#### PROVIDED RECORDS:
-- Opening Marker --

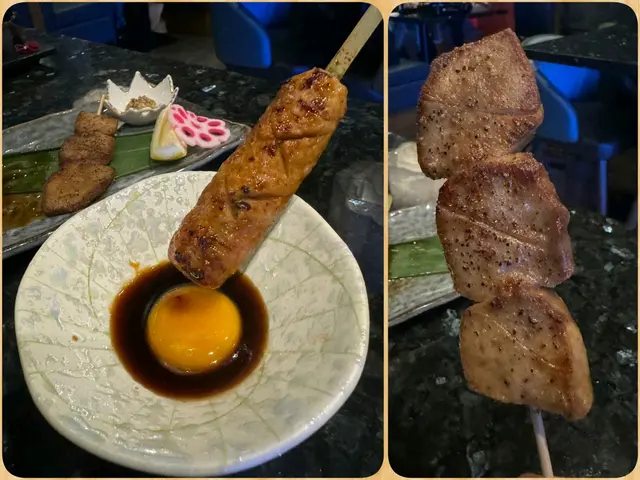 免治雞肉軟骨棒 ＆ 厚切牛舌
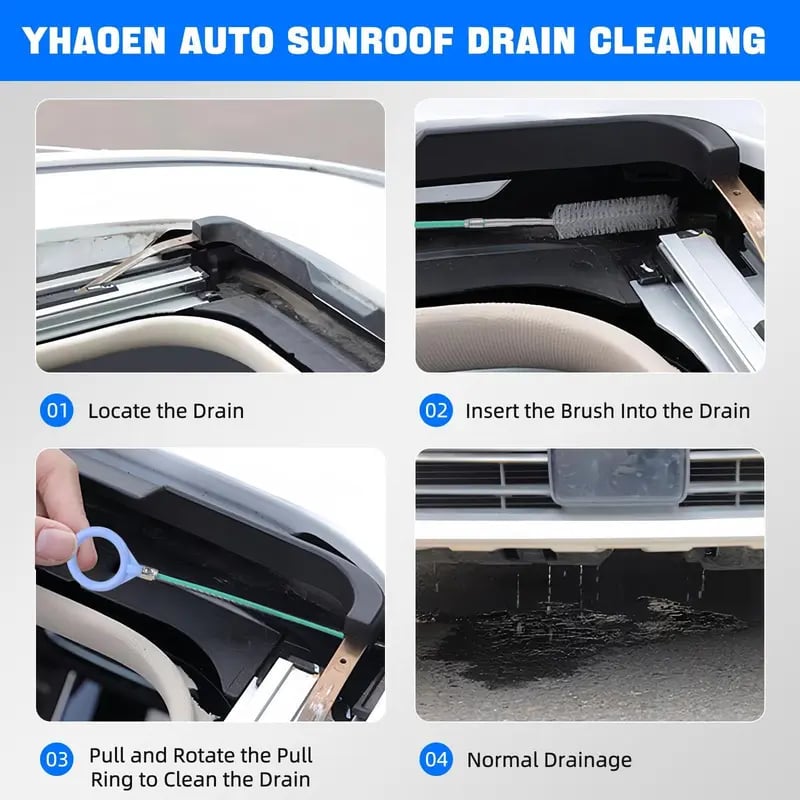 Car Sunroof Drain Clog Remover - 197inch(5m)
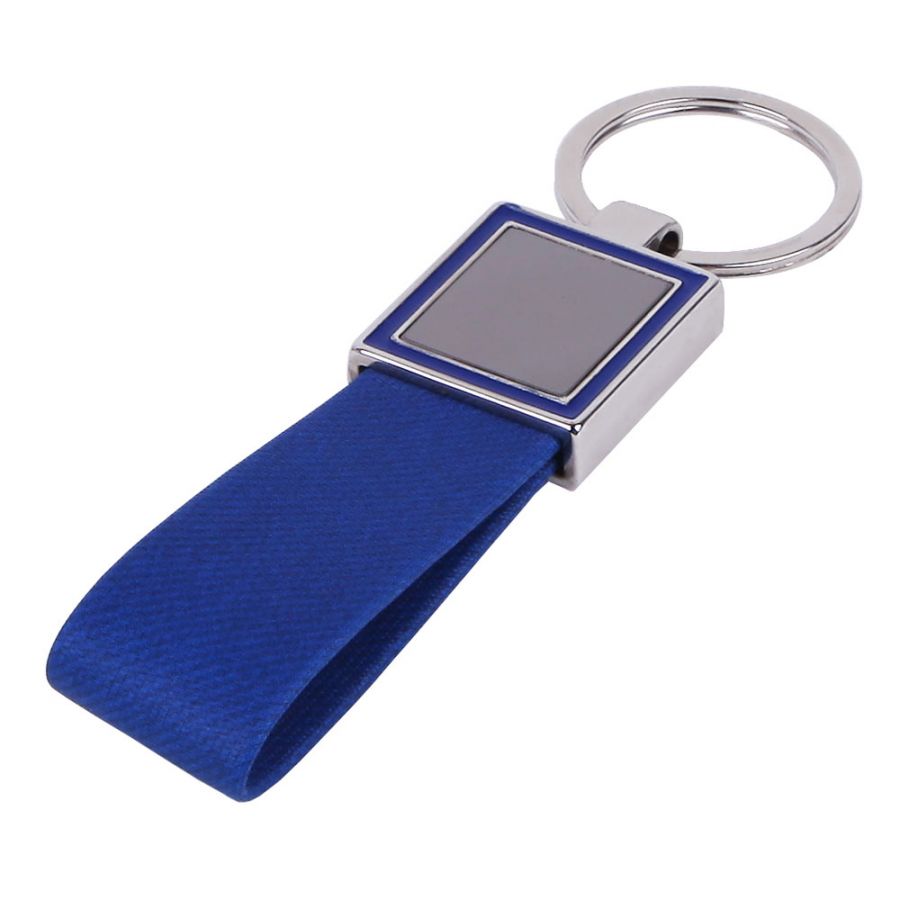 475205 BEYSEKİ LACİVERT METAL - DERİ ANAHTARLIK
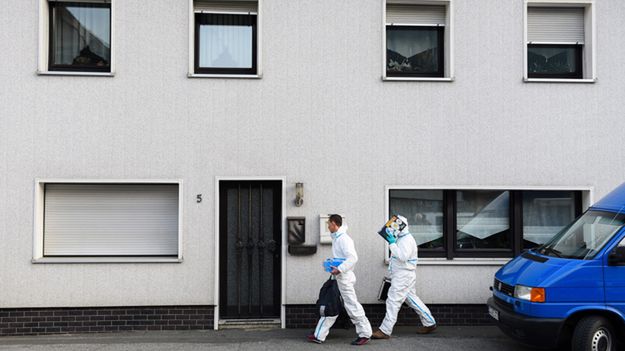 Dom, w którym znaleziono ciała siedmiorga dzieci.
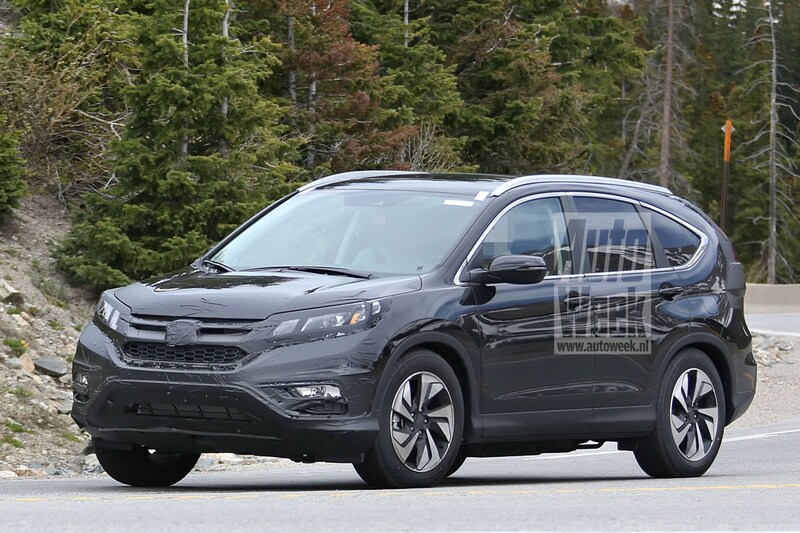 Honda CR-V spyshot
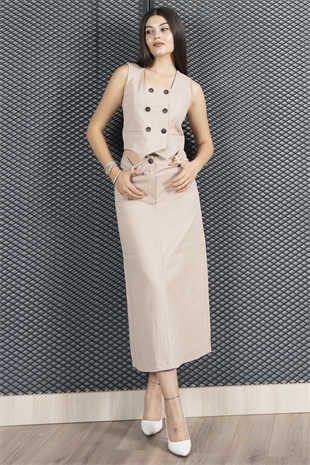 Yelek Etek Gabardin Kot Takım 1242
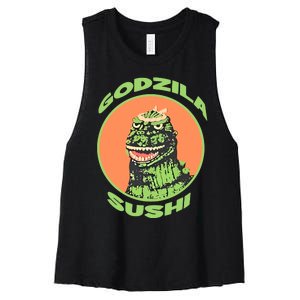 The G.O.D.Z.I.L.L.A Sushi Bar Women's Racerback Cropped Tank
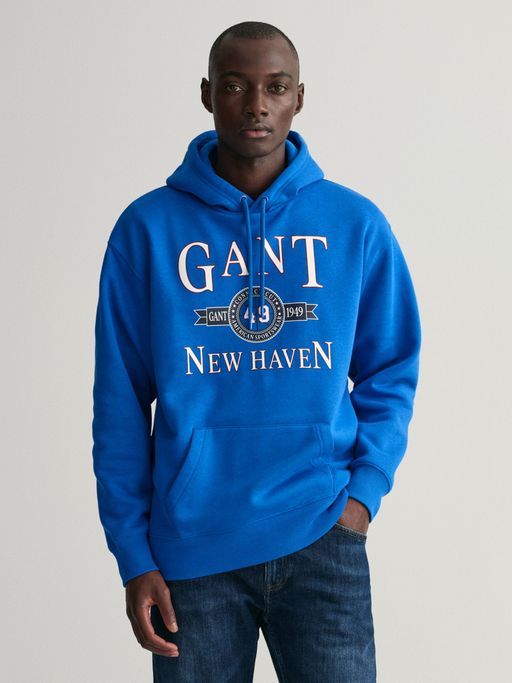Gant Mens Sweatshirts Gant Pullover Buy GANT Men Blue Graphic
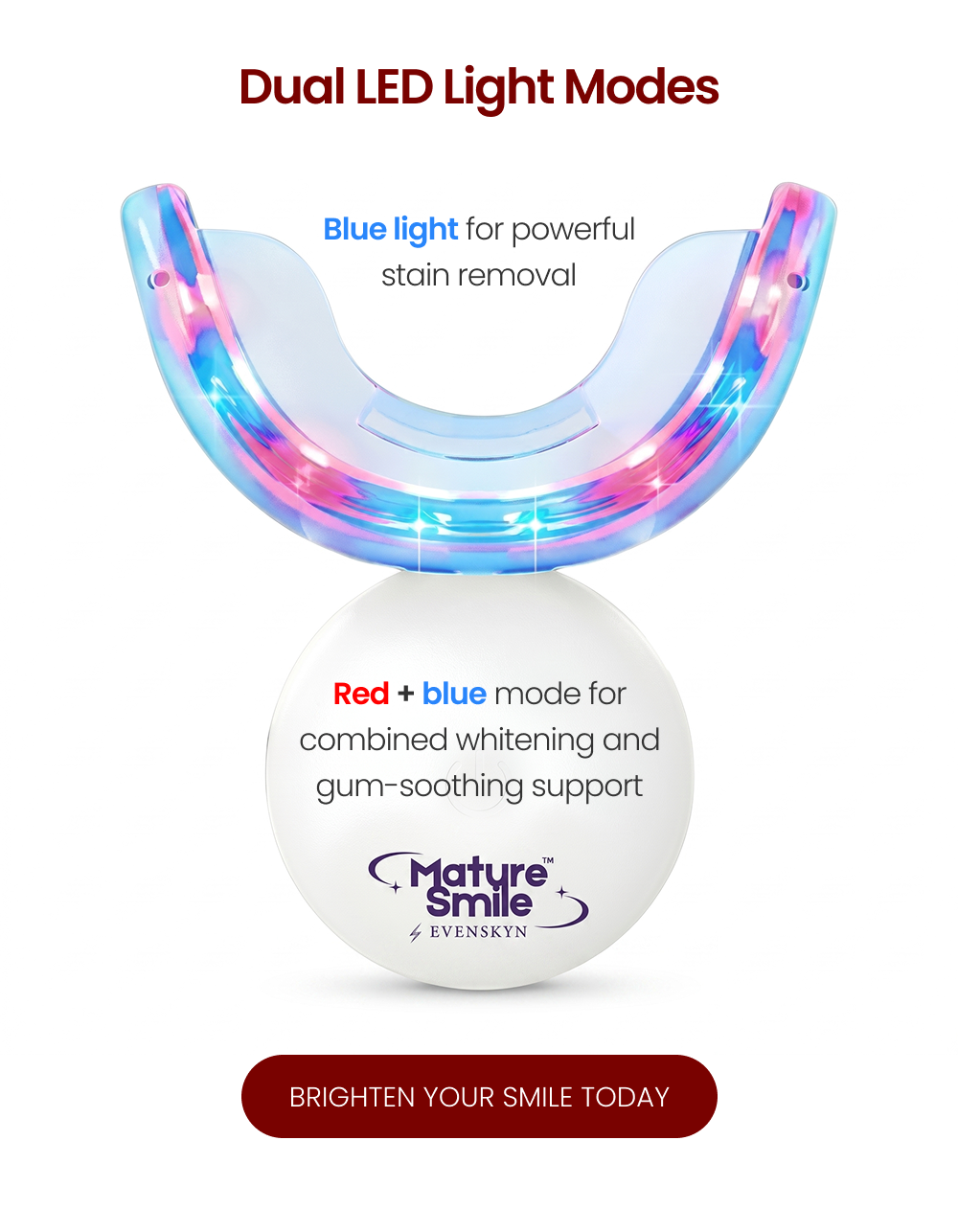 Dual LED Light Modes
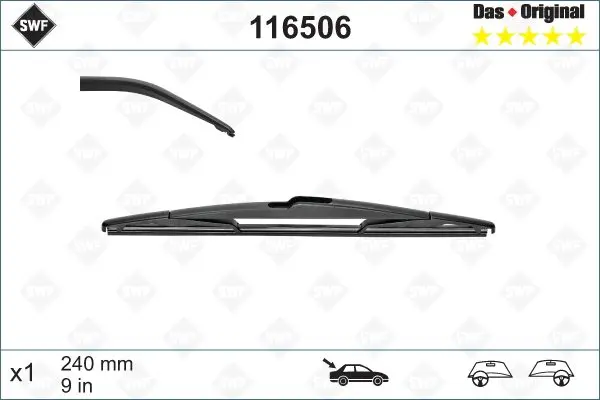 Задняя щетка стеклоочистителя SWF Das Original Rear SR45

-- Closing Marker --

#### WHAT NEEDS TO BE DONE:
Extract, word for word, each line from the one that contains "The G.O.D.Z.I.L.L.A Sushi" through the final line of the data above. Leave the pictures out.

#### WRITTEN RESPONSE:
 The G.O.D.Z.I.L.L.A Sushi Bar Women's Racerback Cropped Tank
Gant Mens Sweatshirts Gant Pullover Buy GANT Men Blue Graphic
 Dual LED Light Modes
 Задняя щетка стеклоочистителя SWF Das Original Rear SR45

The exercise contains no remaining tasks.